The two C-style casts in your example are different kinds of cast. In C++, you'd normally write them
unsigned int uf1 = static_cast<unsigned int>(fl);
and
unsigned char* up = reinterpret_cast<unsigned char*>(p);
The first performs an arithmetic cast, which truncates the floating point number, so there is data loss.
The second makes no changes to data - it just instructs the compiler to treat the pointer as a different type. Care needs to be taken with this kind of cast: it can be very dangerous.
"Type" in C and C++ is a property assigned to variables when they're handled in the compiler. The property doesn't exist at runtime anymore, except for virtual functions/RTTI in C++.
The compiler uses the type of variables to determine a lot of things. For instance, in the assignment of a float to an int, it will know that it needs to convert. Both types are probably 32 bits, but with different meanings. It's likely that the CPU has an instruction, but otherwise the compiler would know to call a conversion function. I.e.
& __stack[4] = float_to_int_bits(& __stack[0])
The conversion from char* to unsigned char* is even simpeler. That is just a different label. At bit level, p and up are identical. The compiler just needs to remember that *p requires sign-extension while *up does not.
Casts mean different things depending on what they are. They can just be renamings of a data type, with no change in the bits represented (most casts between integral types and pointers are like this), or conversions that don't even preserve length (such as between double and int on most compilers).

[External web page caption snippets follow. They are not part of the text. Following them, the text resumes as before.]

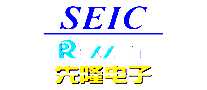 ¡SEIC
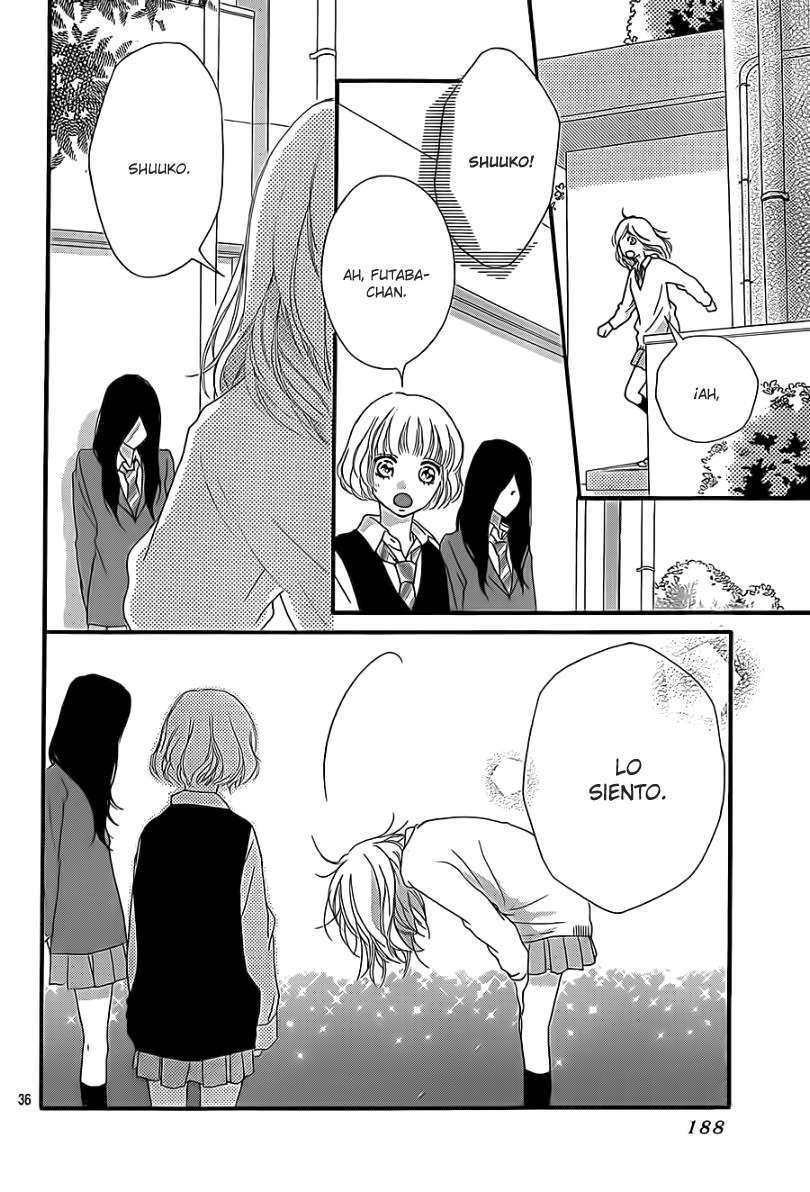 Capitulo 27 page 38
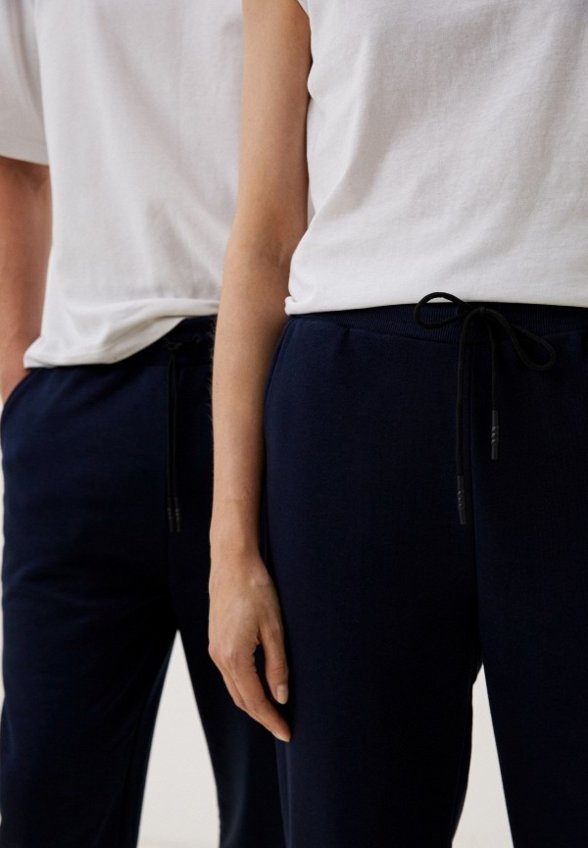 Брюки спортивные Uptrend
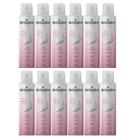 Kit 12 Desodorante Herbíssimo Care Hibisco 150ml - Dana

In many cases, the meaning of a cast is simply unspecified, meaning the compiler has to do something reasonable but doesn't have to document exactly what.
A cast doesn't even need to result in a usable value. Something like
char * cp;
float * fp;
cp = malloc(100);
fp = (float *)(cp + 1);
will almost certainly result in a misaligned pointer to float, which will crash the program on some systems if the program attempts to use it.